When Castle wakes again, he finds himself transported to a US field hospital at Elsenborn. There he meets General Lauer, the commander of the 99th, who informs Castle that his actions during his return journey has confused the SS, stalling their attacks on the American positions for several hours and thus granting the US troops precious time to organize their defenses, and preventing them from locating and targeting Lauer. Despite Castle's protestations because he feels guilty over the loss of his men, Lauer puts him down for a Silver Star. While recuperating, Castle re-encounters Cash, who restores his confidence and gifts him his hip flask.

After the war, Castle, now a colonel, visits Rose Caldwell, the factory worker who assembled "Lassie", to share his story with her and give her a pension blackmailed from her former employers after they had refused to pay her off, as a sign of gratitude for the fact that "Lassie" has kept him alive during his perilous trek. Later, after returning to his family, he is seen taking a fond glance at "Lassie", which he retained as a keepsake.

==Production==
The film was based on an event in Marc Frydman's life, when, as a 16 year-old in France, he interviewed a veteran of the Battle of the Bulge for a school project, eventually developing the concept as a screenplay. The script was rewritten several times over the next 50 years before it was filmed. Rod Lurie cited films such as The Guns of Navarone, Where Eagles Dare, Von Ryan's Express and The Great Escape as influences, stating that World War II films "obviously dealt with a very serious event in world history, but you could be entertained as you're watching it as well", mentioning the audiences lack of sympathy towards Nazi antagonists.

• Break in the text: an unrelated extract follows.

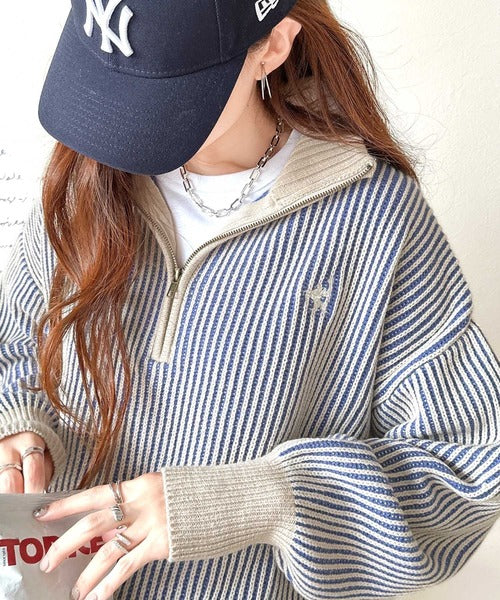 クラシカルエルフ Classical Elf お洒落な配色でワンランク上の秋冬コーデ。胸刺繍バイカラーリブニットハーフジッププルオーバー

Scott Eastwood, Colin Hanks, Aunjanue Ellis-Taylor, and Taylor John Smith were cast in the lead roles. Principal photography took place in late 2024 at Nu Boyana Film Studios in Bulgaria. The opening scene was converted to black-and-white after filming, which Lurie felt would reflect public perception of how the war is remembered. BondIt Media Capital provided financing.

==Release==
Millennium Media handled the US sales for the film. In March 2026, Roadside Attractions and Saban Films acquired North American distribution rights to the film, scheduling it for a theatrical release in the United States on June 26, 2026.

==Critical reception==
On the review aggregator website Rotten Tomatoes, 61% of 44 critics' reviews are positive, with an average rating of 6/10. The website's consensus reads: "Presenting a straightforward tale of survival with solid suspense, Lucky Strike is a respectable tribute to wartime heroism that otherwise lacks the spark to stand out amid the crowded WWII genre." Metacritic, which uses a weighted average, assigned the film a score of 50 out of 100, based on nine critics, indicating "mixed or average" reviews.

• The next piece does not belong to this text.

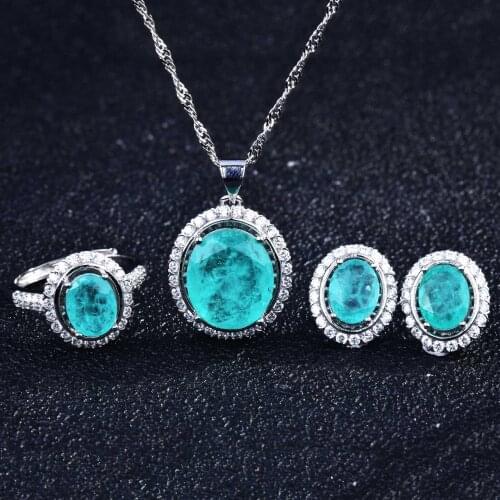Fashion Paraiba Tourmaline Gemstone Jewelry Set for Women Solid 925 Sterling Silver Ring Earrings Necklaces for Wedding Gifts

Nicolas Rapold of The New York Times wrote, "This World War II movie is a nuts-and-bolts survival thriller that recalls a bygone era of Greatest Generation patriotism."

Frank Scheck of The Hollywood Reporter wrote, "Lucky Strike ultimately emerges as less than the sum of its more powerful parts, failing to sustain tension and suffering from such forced would-be poetical moments as Castle encountering a beautiful white horse standing alone in a wintry landscape. And the dialogue is frequently ham-fisted".